For example, rather than foil-stamping an entire existing logo or image, you might create a pattern or outline that complements it: foil only the edges, or add a sunburst pattern behind it in clear varnish. Use interpretation instead of extraction . In the meetup, Matt described a case where a base image was quite flat, but by overlaying a pattern of clear 3D varnish and a foil “pinstripe” highlight, the piece gained depth and focus it never had in CMYK – “It wasn’t just adding shine, it was adding structure,” he explained. Good embellishment design, then, is about creating a dialogue between the print and the foil layers. The foil mask can introduce its own shapes, textures, and visual rhythms that enrich the overall piece beyond what ink alone could do. This is where designers can truly spread their creative wings and differentiate a design.
Contrast and Hierarchy: When Everything Shines, Nothing Shines
A unanimous lesson from the experts: restraint is what makes foil powerful. It might sound paradoxical – after all, foil’s biggest appeal is how eye-catching it is. But that’s exactly why you should not use it on every square inch. Kevin Abergel noted research and focus groups have found that if a design uses too much foil or an overly thick layer, it can start to look “plasticky” or cheap to consumers. Think of an all-foil greeting card – it might glare and scream for attention, but it loses the refined elegance of a simpler design with one brilliant foiled element on a muted background. As Matt quipped, “foil is jewelry, not a chrome car wrap.” Use it to accentuate, like a gem, not to coat the entire surface.
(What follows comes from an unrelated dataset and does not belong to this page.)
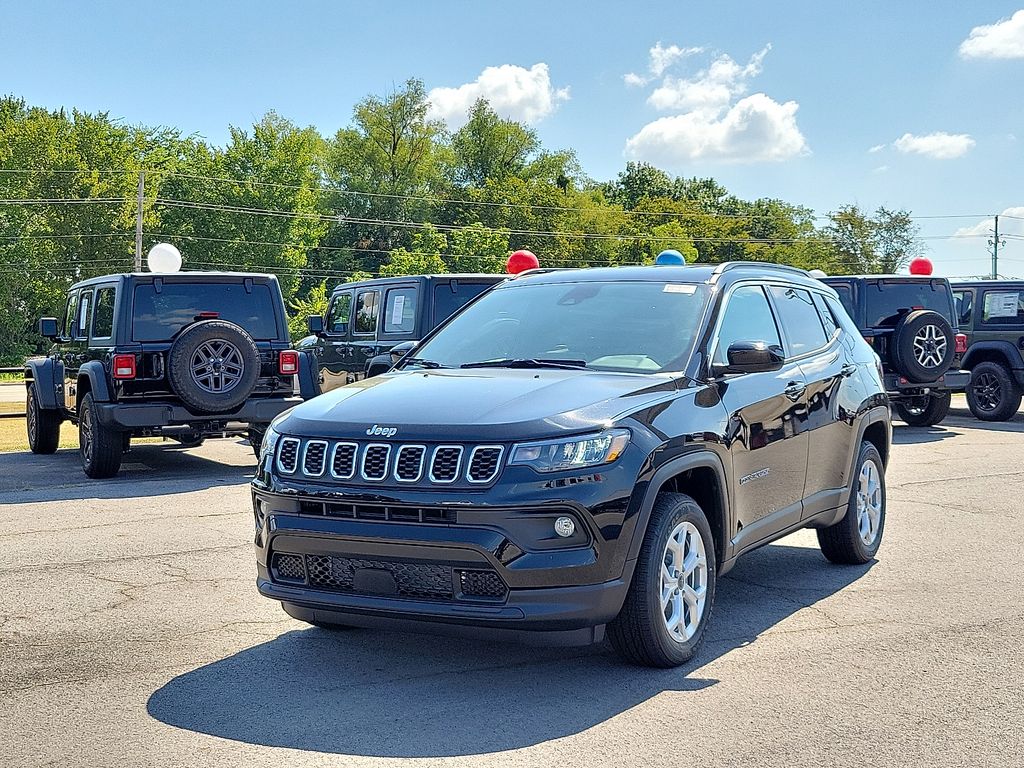 2025 Jeep Compass Latitude photo 2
The concept of contrast is crucial. Foil catches the light and the eye, so it works best in juxtaposition with areas that don’t shine. A common technique is pairing foil with a matte or uncoated stock or a soft-touch laminate: the soft matte surrounding makes the glint of foil pop even more (and as a bonus, the soft-touch coating adds a velvety feel, doubling the tactile impact). In one example, a whiskey box design featured just a thin gold foiled logo and a delicate foiled border on a predominantly dark, matte surface. The foil was used sparingly, but precisely because the rest of the box was so subdued, those tiny metallic touches felt ultra-premium – that’s the luxury aesthetic many brands now seek. In fact, many high-end brands are shifting away from super-glossy bling toward more subtle matte foils (matte gold, silver, copper, etc.) for a sophisticated look . Matt Redbear confirmed this trend: “The majority of foil in our shop right now is matte finish,” he noted, as designers realize that less shine can actually feel more luxurious. Even black foil – essentially a clear gloss or a laminate trick that yields a non-reflective black – is in demand for tone-on-tone effects, though in digital that currently requires a creative workaround (such as printing rich black and coating with matte varnish to simulate a matte black foil ).
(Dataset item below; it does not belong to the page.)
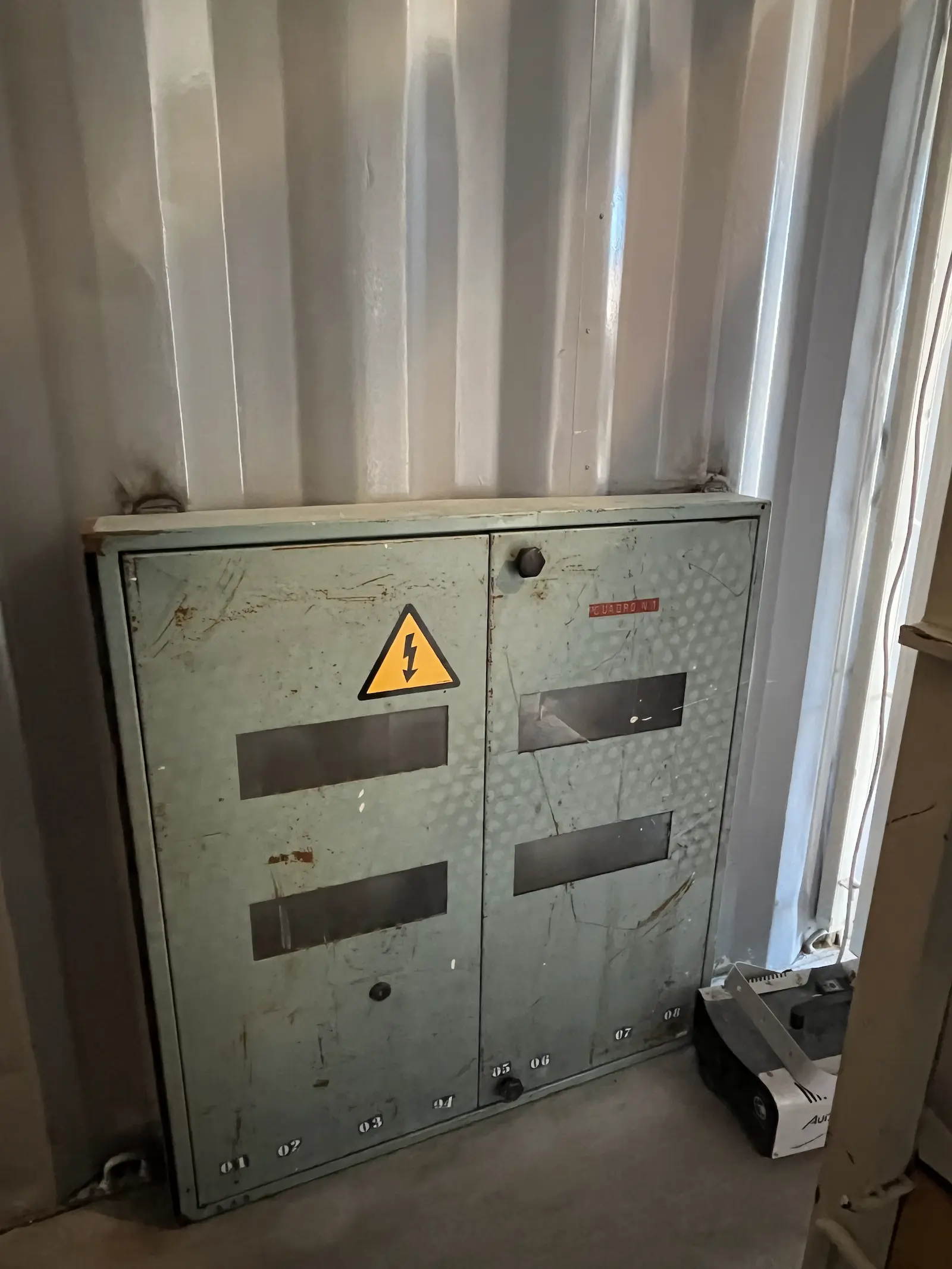 Cuadro eléctrico para simular incendios dentro de la unidad móvil de Trainek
Another aspect of contrast is visual hierarchy. Designers know to establish an order of importance in a layout (what you see first, second, third). Foil can either support that hierarchy or completely scramble it – so wield it wisely. Our eyes will typically jump to the shiny element first , regardless of color or position. Matt suggested using that to your advantage: if the natural reading order isn’t ideal, foil something that ordinarily might be read later, effectively pulling it forward. For instance, imagine a magazine cover with a title, subtitle, and date. Normally, the title draws attention first. But if for some reason the design should emphasize a subtitle (say it’s the theme of a special issue), foiling that subtitle will likely make the viewer see it before an unfoiled title. Conversely, if the title is the main draw, you might foil only the title and leave the subtitle in plain ink, ensuring the title dominates. The key is intentionality – choose one or two focal points to enhance, and let other elements play supporting roles without foil.
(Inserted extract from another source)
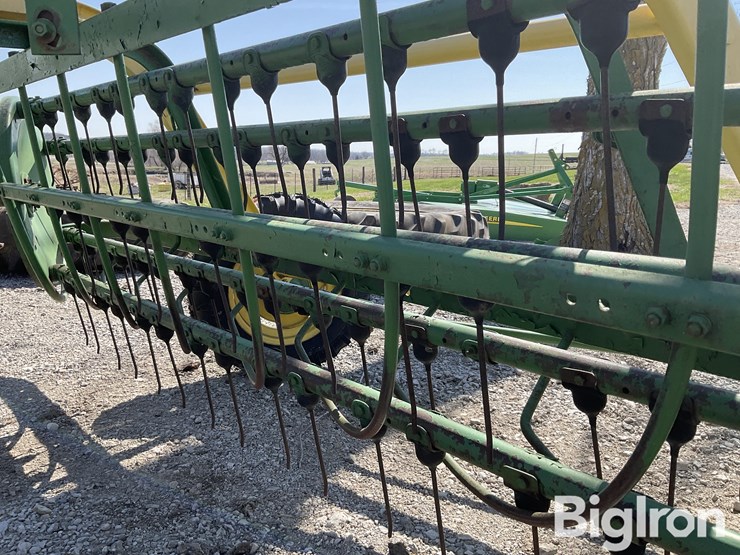 john-deere-640-image-10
It’s also worth noting foil isn’t just about shiny vs. not shiny; it can provide texture and depth. Using a clear or holographic foil over a printed image, for example, can mute or reveal details in interesting ways. Some designers foil patterns or gradients, which, when raised, also catch light differently across their surface. This can create an almost 3D appearance or movement. But again – moderation. A dynamic background pattern in clear foil can be beautiful, but pair it with simpler, solid foil on the headline (or no foil on the headline) so that the two don’t compete.
Lastly, a practical tip shared was: “If you remove the foil, the design should still work.” In other words, foil should amplify a good design, not compensate for a bad one. If your layout relies entirely on foil to look interesting, consider strengthening the underlying design first. Foil is like a spice – it’s magical in the right dose, but too much just overwhelms the dish.
Mind the Details: Technical Constraints for Digital Foiling
The meetup delved into many technical gotchas that can make or break a foiled piece. Here are the critical guidelines every designer should know when working with digital foil and varnish:
Minimum Line Thickness: Avoid ultra-thin lines or intricate filigree in foil. With digital inkjet foiling, very fine lines may not hold consistently – the foil could appear broken or patchy if the line of varnish is too thin. A good rule of thumb is to keep foil lines at least 2 points thick (≈0.7 mm) . Anything below that, and you risk ragged edges or foil not adhering at all . If you have a delicate pattern, you may need to thicken it slightly or simplify it for the foil layer. Traditional hot foil can sometimes handle finer details due to the pressure of a metal die, but even then, extremely hairline strokes are challenging. In the session, Matt showed a holiday card where the designer had placed a snowflake made of very thin foiled lines – he managed to run it, but only after tweaking and sacrificing some detail. The consensus: bolder is better for foiled lines.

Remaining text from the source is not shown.